- [Extracted entries]:
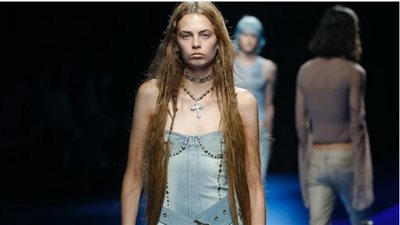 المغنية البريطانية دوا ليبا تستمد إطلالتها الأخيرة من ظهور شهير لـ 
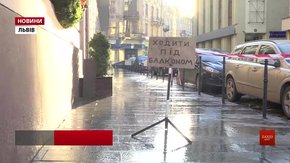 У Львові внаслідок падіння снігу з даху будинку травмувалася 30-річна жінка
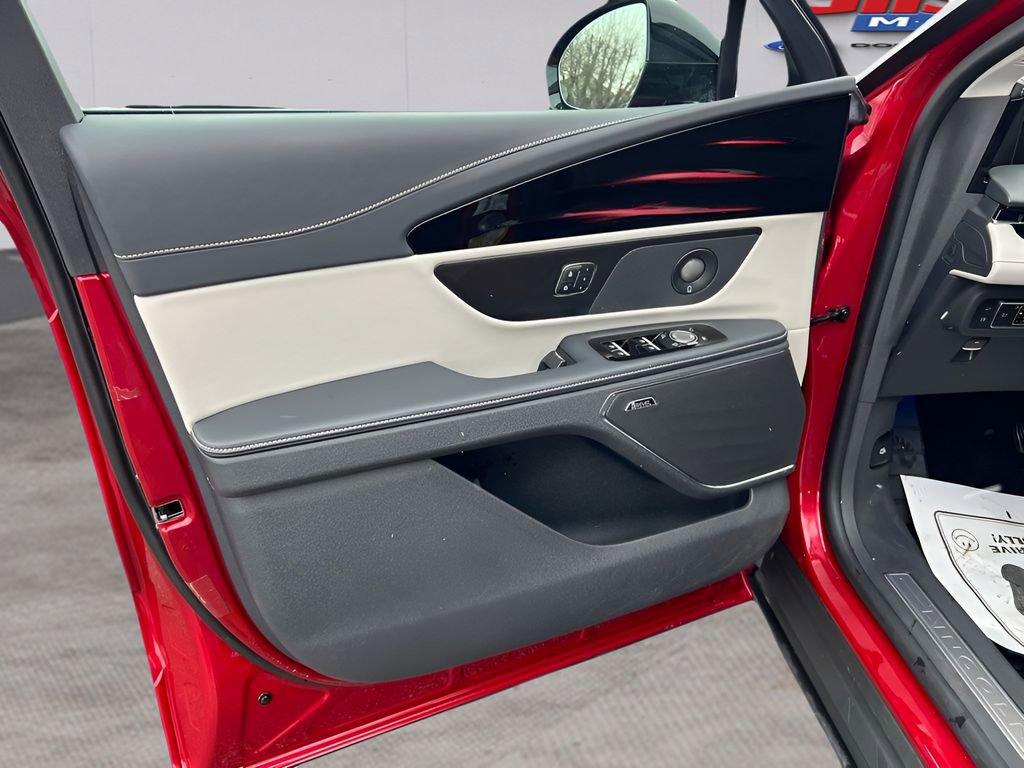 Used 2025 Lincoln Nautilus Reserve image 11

---

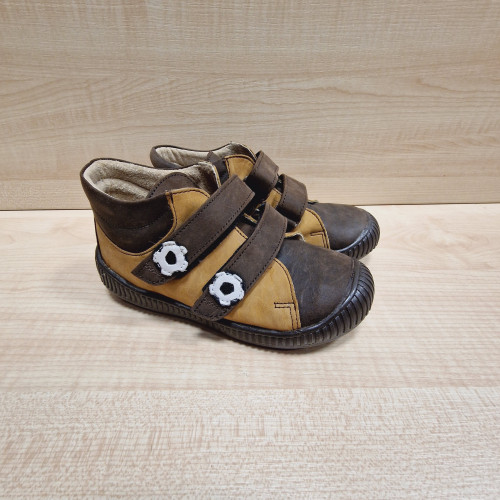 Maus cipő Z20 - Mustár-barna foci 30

- [Problem statement]: What you write must match the listing exactly, from the line with "المغنية البريطانية دوا" up to and including the line with "Used 2025 Lincoln Nautilus Reserve image 11". Pictures stay out.

- [Result of this task]:
 المغنية البريطانية دوا ليبا تستمد إطلالتها الأخيرة من ظهور شهير لـ 
 У Львові внаслідок падіння снігу з даху будинку травмувалася 30-річна жінка
 Used 2025 Lincoln Nautilus Reserve image 11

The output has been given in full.